[PATCH v3 4/4] arm64: support batched/deferred tlb shootdown during page reclamation

Mon Sep 19 12:46:32 AEST 2022

On 9/15/22 20:01, Nadav Amit wrote:
> 
> 
>> On Sep 14, 2022, at 11:42 PM, Barry Song <21cnbao at gmail.com> wrote:
>>
>>>
>>> The very idea behind TLB deferral is the opportunity it (might) provide
>>> to accumulate address ranges and cpu masks so that individual TLB flush
>>> can be replaced with a more cost effective range based TLB flush. Hence
>>> I guess unless address range or cpumask based cost effective TLB flush
>>> is available, deferral does not improve the unmap performance as much.
>>
>>
>> After sending tlbi, if we wait for the completion of tlbi, we have to get Ack
>> from all cpus in the system, tlbi is not scalable.

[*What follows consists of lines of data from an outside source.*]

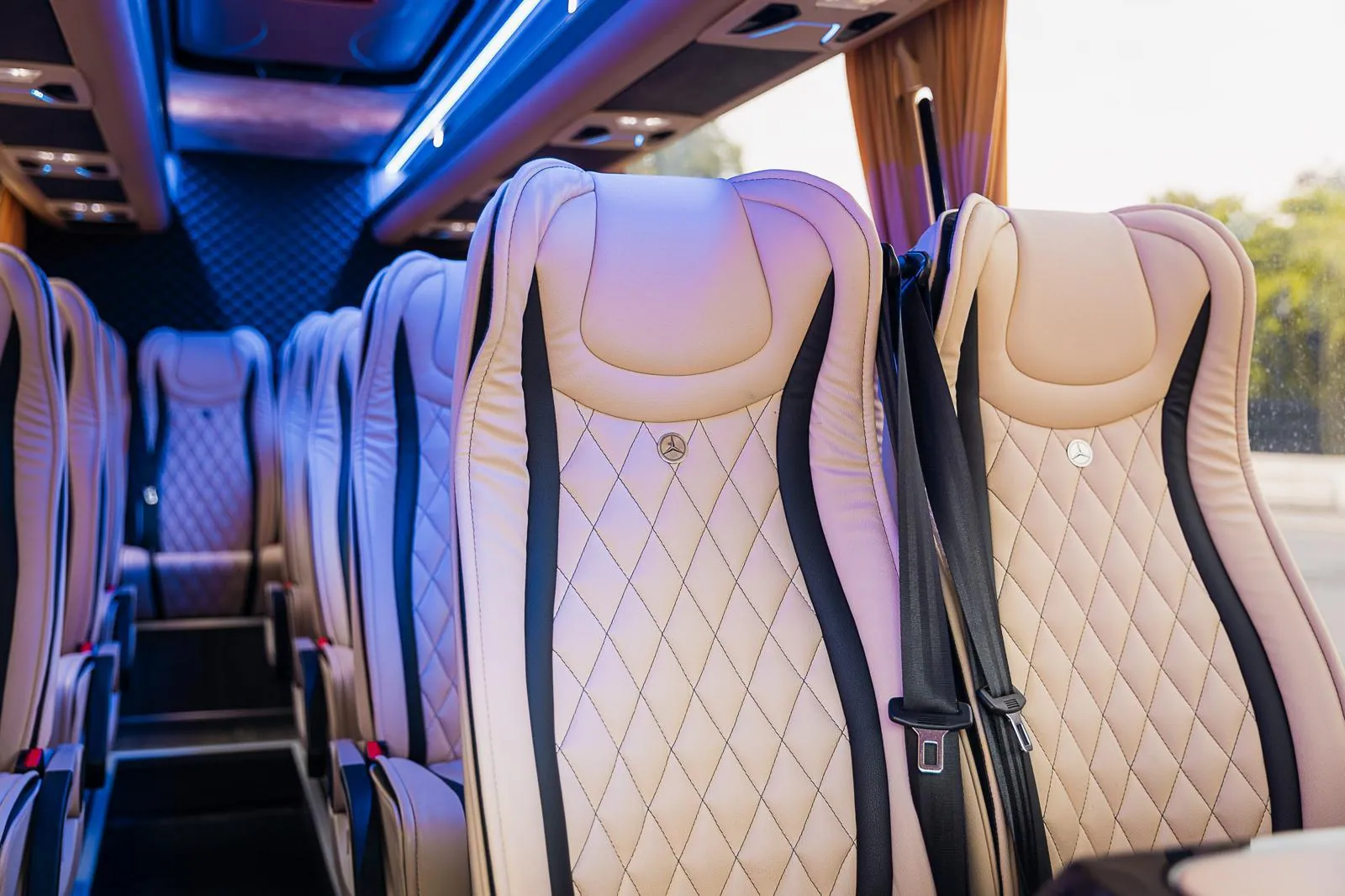 mercedes-sprinter-interieur-luxussitze-01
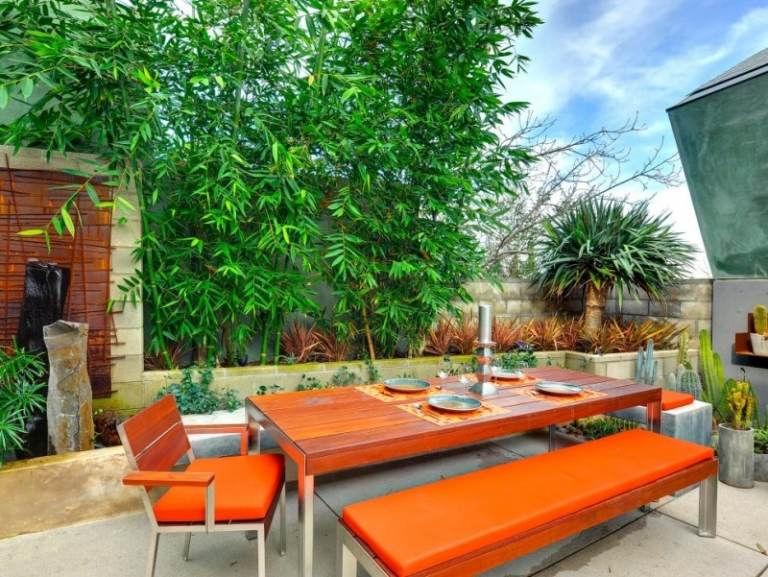 Terrasse-Balkon-exotischer-Garten-Palmen-Bambusbaum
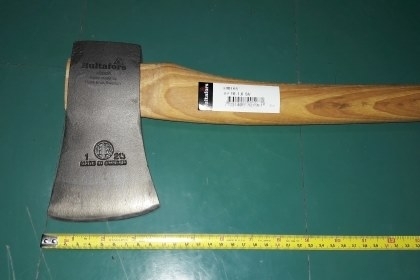 ขายหัวขวานเสือ3 1/2 HULT'S CELEBRATED AXES. MADE IN SWEDEN.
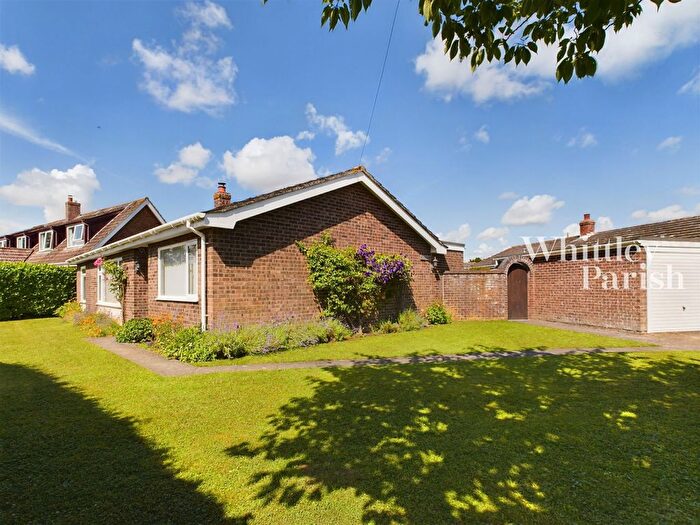3 Bedroom Bungalow For Sale In High Green, Great Moulton, Norwich, NR15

The point here is that we
>> avoid waiting for each individual TLBi. Alternatively, they are batched. If
>> you read the benchmark in the commit log, you can find the great decline
>> in the cost to swap out a page.
> 
> Just a minor correction: arch_tlbbatch_flush() does not collect ranges.
> On x86 it only accumulate CPU mask.

Thanks Nadav for the clarification.